1. Bespreek de belangrijkste leverfuncties bij de normale mens. Hoe kunnen we de leverfuncties
beoordelen aan de hand van een bloedonderzoek?
De lever heeft een arteriële instroom via de a. hepatica, en een veneuze instroom vanuit de gastro-
intestinale tractus via de v. porta.

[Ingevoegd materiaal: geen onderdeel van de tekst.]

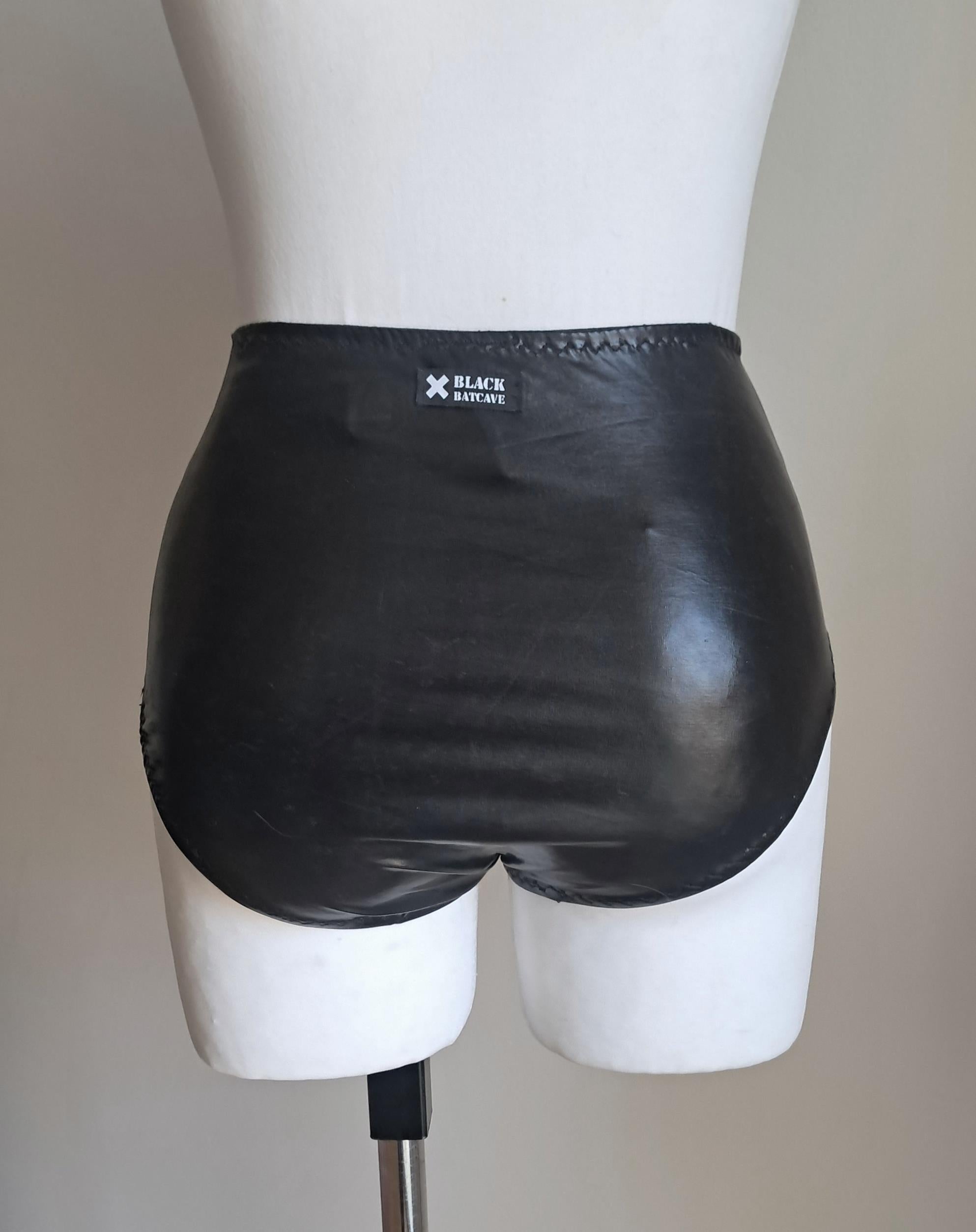 Black wet-look high waist panties on a mannequin against a plain background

De uitstroom van het bloed gebeurt via de hepatische venen naar
de v. hepatica inferior naar het rechter atrium.
De lever bestaat uit leverlobuli met een centrale levervene die uitmondt in de v. cava inferior, en op
de hoekpunten (portale venule) een eindtakje van de v. porta, een eindtakje van de a. hepatica en
een galwegje. Hepatocyten verzorgen de klaringsfunctie van het bloed via de sinusoïden die erlangs
lopen.
De zeshoekjes kunnen opgedeeld worden in 3 zones:
1. Zuurstofrijke zone 1: hier gebeurt gluconeogenese en een aantal oxidatieve
processen. Hier gebeurt ook de ureum synthese uit ammonium. minst
gevoelig voor giftige stoffen vanuit de darm.

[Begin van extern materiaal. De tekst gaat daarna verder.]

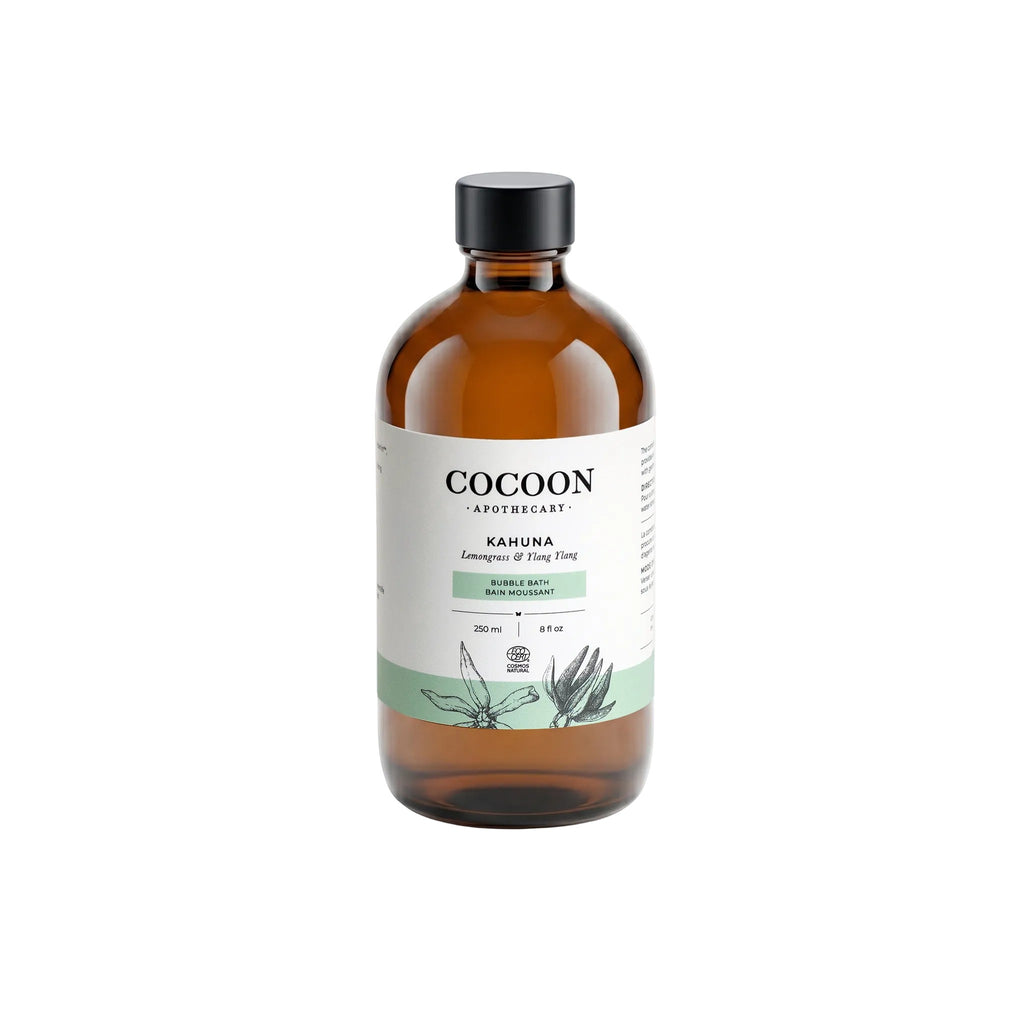 Oh Canada Gifts Cocoon Apothecary Kahuna bubble bath in an amber glass bottle with a minimalist label.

2. Zone 3: minder zuurstofrijk. Hier gebeurt glycolyse en lipogenese lijdt
onder gemetaboliseerde giftige stoffen en het meest gevoelig voor hypoxie
3. Zone 2 ligt tussen 1 en 3. Overgangszone.

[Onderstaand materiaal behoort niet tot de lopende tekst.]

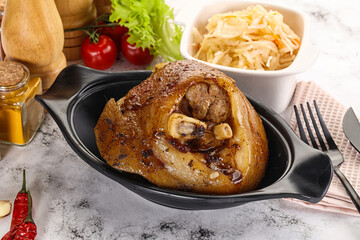 Baked pork knee with spices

De lever is heel erg doorvloeid met bloed van de v. porta en heeft daarom een
belangrijke detoxificatie en klaringsfunctie van toxische stoffen, bacteriën, endotoxines.. afkomstig
uit de GI tractus. De lever is ook verantwoordelijk voor synthese van galzouten en conjugerende
processen in het endoplasmatisch reticulum (ER). Het lichaam is heel spaarzaam met galzouten,
waarbij een belangrijk hergebruik plaatsvindt met reabsorptie uit de GI tractus.
Naast de klaringsfunctie en het galzouten metabolisme, heeft de lever ook een rol in synthese van
belangrijke eiwitten zoals albumine, fibrinogeen, stollingseiwitten… Ook speelt de lever een grote rol
in de glucose huishouding. Het is een belangrijke stapelplaats voor glycogeen. Dit kan aangewend
worden voor vrijstelling van glucose in de circulatie.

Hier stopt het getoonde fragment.